Occupazione, i laureati saranno il 20 per cento
Fra settembre e novembre previste 10.510 nuove entrate
A peggiorare il quadro già di per sé preoccupante dell’emigrazione di giovani trentini highly-skilled, insoddisfatti dalla domanda di lavoro del mercato italiano, sono le statistiche dei programmi occupazionali delle imprese presenti sul territorio provinciale, rilevate dalle camere di commercio per il trimestre settembrenovembre 2017.
Nei primi mesi d’autunno sono previste 10.510 nuove entrate, l’89% delle quali per lavoratori dipendenti. Ma la criticità si nota guardando la ripartizione delle entrate per profilo professionale, livelli di istruzione richiesti e settori d’attività. Più nello specifico, emerge l’immagine di un mercato trentino del lavoro fortemente sbilanciato dalla parte di chi ha un livello d’istruzione medio basso (il 53% degli ingressi nel mondo del lavoro saranno effettuati da persone che hanno terminato la scuola dell’obbligo, o che hanno conseguito al massimo un diploma o una qualifica professionale). I posti di lavoro che saranno resi disponibili sul territorio provinciale si inseriscono nell’ambito della produzione di beni o dell’erogazione di servizi (proprio in questa area è atteso il 57,8% delle entrate), o in ambito commerciale, logistico e delle vendite.

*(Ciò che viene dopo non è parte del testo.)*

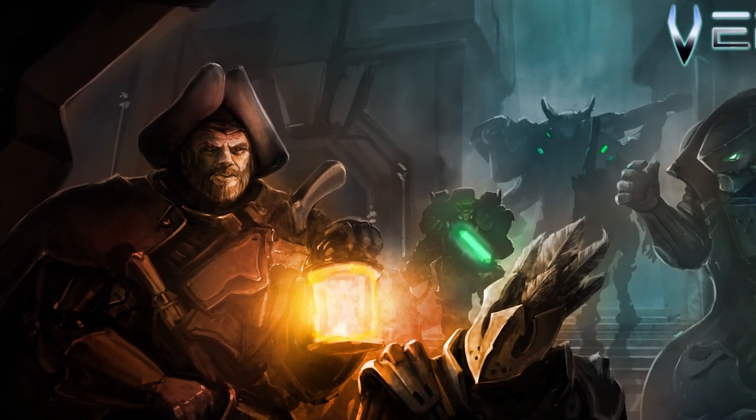Hey guys, welcome back to another Unfiltered Gamer product review. Today's product up on the tabletop is going to be called Verge of War by Verge of War Gaming.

Sempre previsioni delle camere di commercio segnalano che soltanto nel 20% dei casi le entrate coinvolgeranno personale laureato; le posizioni destinate a dirigenti, professionisti con elevata specializzazione e tecnici saranno 2.782 (27% del totale). Proprio a quest’ultima tipologia di carriera sono interessati la maggior parte dei migranti altamente istruiti. E se tali stime saranno confermate, si avrà la certezza che il Trentino non è la terra promessa di giovani che hanno ricevuto un’alta formazione.
Come spiegava sul Corriere del Trentino di ieri il sociologo Antonio Schizzerotto, il modello industriale italiano, basato su microimprese «mature, lontane dalla frontiera di innovazione tecnologica e gerarchiche», da una parte minimizza nuove assunzioni, dall’altra impedisce l’inserimento di lavoratori altamente qualificati nelle aziende, che necessitano di manodopera meno qualificata. Vittime di questo retaggio tradizionale non sono soltanto i giovani; la società tutta ne subisce le ripercussioni: la mobilità in uscita non è infatti compensata da mobilità in entrata, e questo si traduce in perdita secca di competenze. «C’è un problema di qualità del tessuto imprenditoriale locale e di incapacità di valorizzare il capitale umano», interviene il segretario trentino della Cgil Franco Ianeselli, preoccupato dalle cause profonde del fenomeno evidenziato dall’Istat. E invita a ripensare il mercato del lavoro, italiano e trentino: «È fondamentale rendere più attrattivo il territorio. Dobbiamo richiamare l’attenzione dei giovani già emigrati e di chi da altri Paesi possa contribuire alla crescita italiana».